• [REQUIRED ACTION] Once the line with "angel succulent Echeveria" is found, return it along with every line after it, exactly, through the end of the material.

○ ○ ○ ○

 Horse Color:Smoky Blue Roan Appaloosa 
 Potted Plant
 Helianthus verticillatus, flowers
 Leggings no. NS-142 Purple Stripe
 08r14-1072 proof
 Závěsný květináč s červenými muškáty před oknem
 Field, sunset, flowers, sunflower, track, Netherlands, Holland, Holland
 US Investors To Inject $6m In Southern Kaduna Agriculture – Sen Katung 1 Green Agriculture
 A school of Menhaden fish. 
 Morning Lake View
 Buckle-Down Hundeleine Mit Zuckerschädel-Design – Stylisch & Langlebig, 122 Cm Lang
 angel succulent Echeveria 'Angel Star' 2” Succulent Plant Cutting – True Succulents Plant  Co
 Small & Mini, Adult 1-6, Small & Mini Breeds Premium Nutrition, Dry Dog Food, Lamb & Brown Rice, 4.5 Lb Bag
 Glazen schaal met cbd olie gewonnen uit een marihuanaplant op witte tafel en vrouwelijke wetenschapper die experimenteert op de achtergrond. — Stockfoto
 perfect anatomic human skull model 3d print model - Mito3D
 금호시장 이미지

○ ○ ○ ○

• [EXERCISE SOLUTION]
 angel succulent Echeveria 'Angel Star' 2” Succulent Plant Cutting – True Succulents Plant  Co
 Small & Mini, Adult 1-6, Small & Mini Breeds Premium Nutrition, Dry Dog Food, Lamb & Brown Rice, 4.5 Lb Bag
 Glazen schaal met cbd olie gewonnen uit een marihuanaplant op witte tafel en vrouwelijke wetenschapper die experimenteert op de achtergrond. — Stockfoto
 perfect anatomic human skull model 3d print model - Mito3D
 금호시장 이미지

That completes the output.